In mathematics, a Lamé function, or ellipsoidal harmonic function, is a solution of Lamé's equation, a second-order ordinary differential equation. It was introduced in the paper (Lamé 1837). Lamé's equation appears in the method of separation of variables applied to the Laplace equation in elliptic coordinates. In some special cases solutions can be expressed in terms of polynomials called Lamé polynomials.

== The Lamé equation ==
Lamé's equation is

$\frac{d^2y}{dx^2} + (A+B\weierp(x))y = 0,$

where A and B are constants, and $\wp$ is the Weierstrass elliptic function. The most important case is when $B\weierp(x) = - \kappa^2 \operatorname{sn}^2x$, where $\operatorname{sn}$ is the elliptic sine function, and $\kappa^2 = n(n+1)k^2$ for an integer n and $k$ the elliptic modulus, in which case the solutions extend to meromorphic functions defined on the whole complex plane. For other values of B the solutions have branch points.

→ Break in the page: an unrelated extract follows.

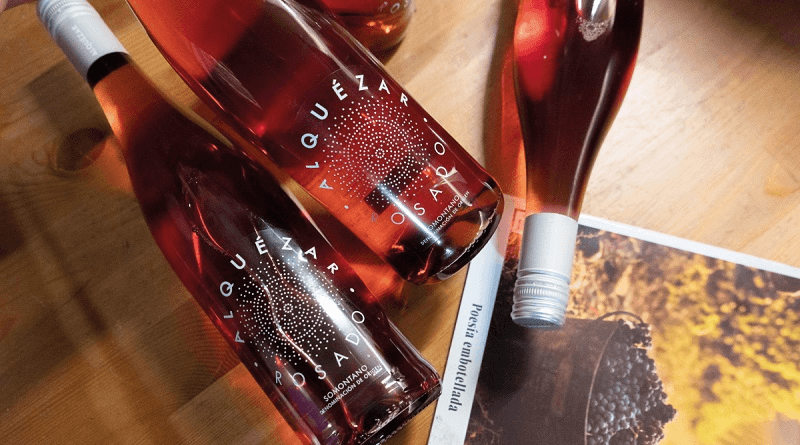 Bodega Pirineos presenta las nuevas añadas de Alquézar Rosado y Alquézar Blanco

By changing the independent variable to $t$ with $t=\operatorname{sn} x$, Lamé's equation can also be rewritten in algebraic form as

 $\frac{d^2y}{dt^2} +\frac{1}{2}\left(\frac{1}{t-e_1}+\frac{1}{t-e_2}+\frac{1}{t-e_3}\right) \frac{dy}{dt} - \frac{A+Bt}{4(t-e_1)(t-e_2)(t-e_3)}y = 0,$

which after a change of variable becomes a special case of Heun's equation.

A more general form of Lamé's equation is the ellipsoidal equation or ellipsoidal wave equation which can be written (observe we now write $\Lambda$, not $A$ as above)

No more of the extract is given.